We want to try employ SNA measures to Knowledge Graph to help novice users to explore the DBpedia more efficiently without the need to master query languages and graph structures.
Proposal: Social Knowledge Graph: Employing SNA measures to Knowledge Graph
When novice users use DBpedia for querying, the information they really want is always overwhelmed by numerous query results. In this project, we want to leverage the Knowledge Graph of DBpedia to develop a graph-query tool that can help the end user to obtain relevant information w.r.t his request/input/query. We can give the users a subgraph where the concept/entity that students query for is center and it is surrounded by its most important concepts (like the top-5 or top-10, in terms of the Social Network Analysis measures).
The above image shows what our developed system does after a user makes a query.
- Users input the center entity they want to query.
- Our system converts users input into the SPARQL.
- Query requests to the public endpoint
- Calculate the importance of all acquired data
- Get the top-10 important entities and plot the graph
- Users can click on the entities on the graph to continue the query...
This section provides a more detailed explanation of the above process.
- Dealing with users inputs
- Add underscores between space
- Add backslashes before non-numeric alphabetic characters
- Cleaning the returned data of the public endpoint
- Keep only meaningful entities and relationships and remove something like entities about time or relationships called wiki
We try to leverage 2 kinds of methods to calculate the importance of entities.
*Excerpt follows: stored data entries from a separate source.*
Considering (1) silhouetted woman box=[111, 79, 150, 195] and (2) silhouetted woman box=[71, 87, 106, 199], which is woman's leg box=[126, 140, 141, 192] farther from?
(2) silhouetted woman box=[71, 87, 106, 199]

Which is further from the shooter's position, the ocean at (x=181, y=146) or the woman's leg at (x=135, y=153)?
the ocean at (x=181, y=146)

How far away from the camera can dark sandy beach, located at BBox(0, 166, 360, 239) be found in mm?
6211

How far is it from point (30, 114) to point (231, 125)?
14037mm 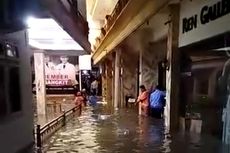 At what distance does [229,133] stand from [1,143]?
6.54 m

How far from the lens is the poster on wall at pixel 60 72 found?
31906 mm

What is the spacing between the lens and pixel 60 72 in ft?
106

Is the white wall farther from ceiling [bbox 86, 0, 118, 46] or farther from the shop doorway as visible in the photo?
ceiling [bbox 86, 0, 118, 46]

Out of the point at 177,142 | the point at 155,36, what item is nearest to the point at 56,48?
the point at 155,36

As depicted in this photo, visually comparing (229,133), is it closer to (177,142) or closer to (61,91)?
(177,142)

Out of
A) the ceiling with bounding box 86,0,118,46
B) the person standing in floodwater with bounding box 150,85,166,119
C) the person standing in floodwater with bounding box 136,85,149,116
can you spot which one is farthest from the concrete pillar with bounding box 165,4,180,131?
the ceiling with bounding box 86,0,118,46

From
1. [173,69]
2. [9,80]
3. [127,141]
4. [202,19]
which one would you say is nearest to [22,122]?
[9,80]

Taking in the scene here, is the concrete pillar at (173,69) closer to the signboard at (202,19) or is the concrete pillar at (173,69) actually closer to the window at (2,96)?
the signboard at (202,19)

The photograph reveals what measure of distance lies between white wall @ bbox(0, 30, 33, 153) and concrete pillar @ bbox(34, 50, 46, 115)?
1073 cm

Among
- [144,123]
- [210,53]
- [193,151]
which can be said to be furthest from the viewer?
[144,123]

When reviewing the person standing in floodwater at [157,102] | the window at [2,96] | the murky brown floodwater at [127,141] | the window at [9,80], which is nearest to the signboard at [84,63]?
the person standing in floodwater at [157,102]

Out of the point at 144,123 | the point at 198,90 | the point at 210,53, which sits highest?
the point at 210,53

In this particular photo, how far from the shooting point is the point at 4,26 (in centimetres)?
768

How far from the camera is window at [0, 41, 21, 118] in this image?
29.0ft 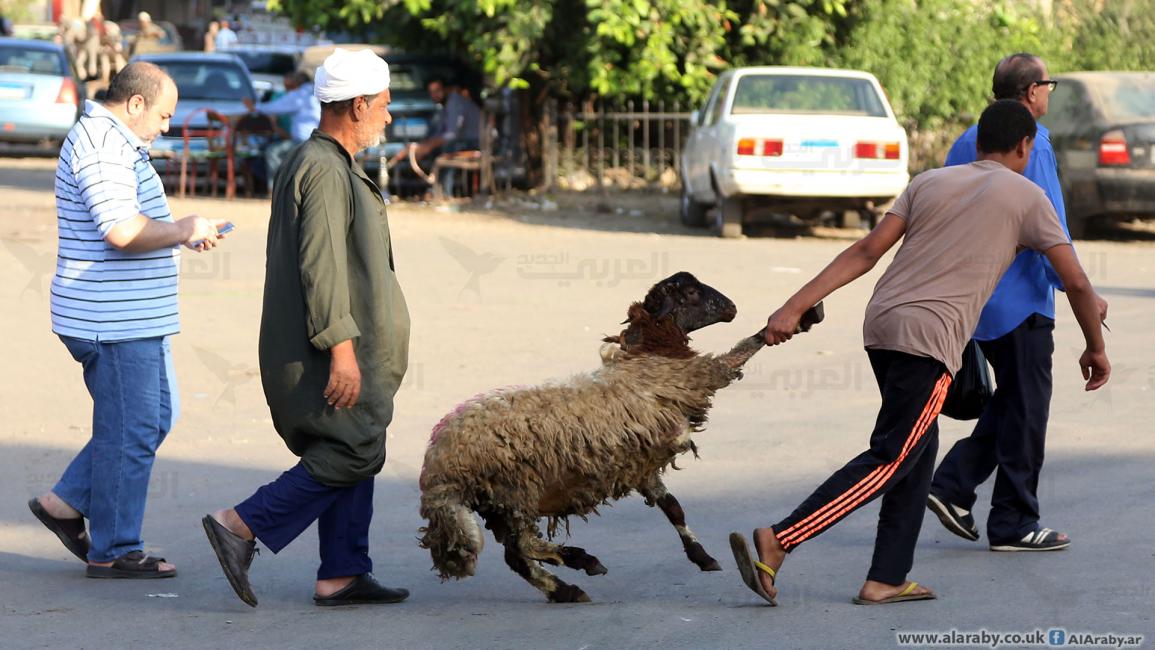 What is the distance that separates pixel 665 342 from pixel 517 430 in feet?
2.08

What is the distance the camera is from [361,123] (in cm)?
512

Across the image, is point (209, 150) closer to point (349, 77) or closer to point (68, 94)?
point (68, 94)

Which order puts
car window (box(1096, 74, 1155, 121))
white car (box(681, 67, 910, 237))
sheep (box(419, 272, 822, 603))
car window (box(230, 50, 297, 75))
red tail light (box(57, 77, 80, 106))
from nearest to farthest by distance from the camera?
sheep (box(419, 272, 822, 603)) → white car (box(681, 67, 910, 237)) → car window (box(1096, 74, 1155, 121)) → red tail light (box(57, 77, 80, 106)) → car window (box(230, 50, 297, 75))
One is ranked by degree and another is a new method proposed by ourselves.
- For the first method, the higher degree proves that the nodes are more scalable and more beneficial to help users expand the graph.
- As our proposed method, it consists of the following components:
- Clustering
- Let the similar relationships all come together
- Normalization
- Normalization in clusters
- Attenuation
- Different levels of decay based on normalized ranking
- Ranking
- Sort all nodes and output them
- Clustering
Our proposed method performs well in removing data bias and presenting as many dimensional attributes as possible.
The following two figures show the different results obtained by the two methods above when Maxwell is the central node.
{
"Einstein family": "rdf-schema#seeAlso",
"United States": "citizenship",
"German Empire": "birth place",
"Mileva Mari": "spouse",
"Fellow of the Royal Society": "award",
"Heinrich Friedrich Weber": "doctoral advisor",
"Physics": "fields",
"University of Oxford":"institution",
"Philosophy": "fields",
"General relativity": "famous",
"Alfred Kleiner": "doctoral advisor"
}
We can see the method we propose shows more dimensions while considering scalability(degree) and diversity(relationships).
Due to the some reasons of the second methods, the codes we release uses the degree as ranking evaluation, but you can try the beta version here with Colab.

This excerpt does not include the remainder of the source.